Beschreibt doch kurz euren Werdegang.
Die Band wurde 1996 von Phil (dr.), Nasenmann (bass) und Chris (git.) gegründet. Schnell fand man in Björn (git.) einen fähigen Lead Gitarristen, die Suche nach einem geeigneten Sänger dauerte fast ein Jahr, bis wir zufällig Matthias (voc) trafen. Unter dem Namen THE BECOMING spielten wir erste Gigs und nahmen 1998 fünf Songs in einem kleinen Hannoveraner Studio auf, von denen es vier auf unser erstes Demo schafften. Die Reaktionen seitens der Presse waren sehr gut. Leider musste Nasenmann die Band verlassen, so dass Chris an den Bass wechselte, was ihm seit jeher im Blut lag. In Axel fand man den Wunschkandidat an der zweiten Gitarre. Durch den Erfolg der Konzerte und Pressereaktionen motiviert haben wir anno 2000 die "Obsidian Night" ins Leben gerufen, die seitdem eine feste Institution in Hannover ist und einmal im Jahr Bands, die harte melodische und düstere Musik zelebrieren, eine Plattform vor 400 bis 500 Fans bietet. Im Herbst/Winter 2000/1 sind wir dann in das SMR Studio in Hannover gegangen, um unser zweites Demo "From Cold Hands" aufzunehmen. Hier haben wir sehr viel Geld investiert, denn diese 6-Track-CD soll unseren Namen endlich aus dem heimischen Hannover heraustragen und uns den ersehnten Deal bei einem guten Label verschaffen.

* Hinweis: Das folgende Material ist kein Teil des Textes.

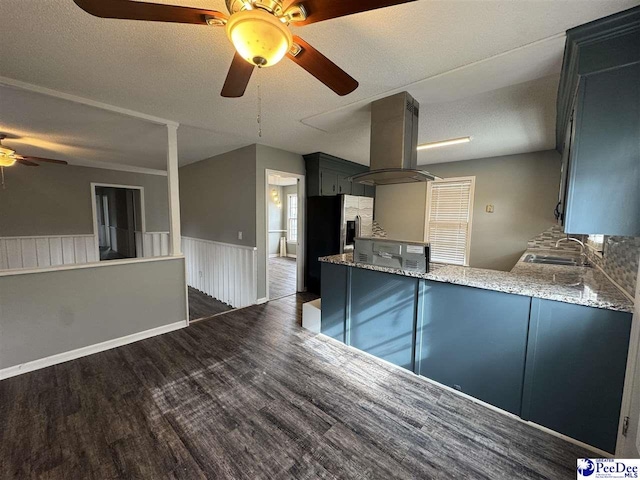 kitchen featuring sink, light stone counters, island range hood, dark hardwood / wood-style floors, and kitchen peninsula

Euer Bandname ist sehr einfach gehalten, was hat er für euch für eine Bedeutung?
Wir haben eine bestimmte Vision von Musik. Ein perfekter Song ist für uns heavy, melodisch, düster und sehr atmosphärisch, kommt dabei aber ohne Keyboards und sonstige Klischees aus. Solche Musik existiert unserer Meinung nach noch nicht, ist aber unser Ziel. Der Name THE BECOMING steht für den Weg dorthin.

Eure Musik bewegt sich zwischen Power und tiefer Melancholie, wie schafft ihr es die scheinbaren Gegensätze zu vereinen?
Die Melancholie wird bei uns zum einen von Matthias Vocals, zum anderen von den zweistimmigen Gitarren erzeugt, die sich inspiriert durch die Klassik durch die verschiedensten Molltonarten tummeln und dem Hörer von Trauer, Verzweiflung und Resignation berichten. Ein Bass, der sich immer wieder auf die tiefe H-Saite verirrt, tut das übrige. Als Grundlage für diese Melodiekaskaden dienen traditionelle Metal Riffs und ein filigranes, aber dennoch Death Metal inspiriertes Powerdrumming. So entsteht der Stil von THE BECOMING.

Wie wichtig sind die Texte im Vergleich zur Musik?
Für die Lyrics nehmen wir uns sehr viel Zeit, sie sollen die Musik ergänzen. Die Musik steht aber immer an erster Stelle. Wenn ein Song fertig ist, suchen wir einen Text dafür aus, der von der Stimmung her zum Song passt. Wir haben immer einige Lyrics vorrätig, die unabhängig von der Mucke entstehen. Sie werden dann so modifiziert, dass sie sich in die Schemata einfügen, die die Musik vorgibt.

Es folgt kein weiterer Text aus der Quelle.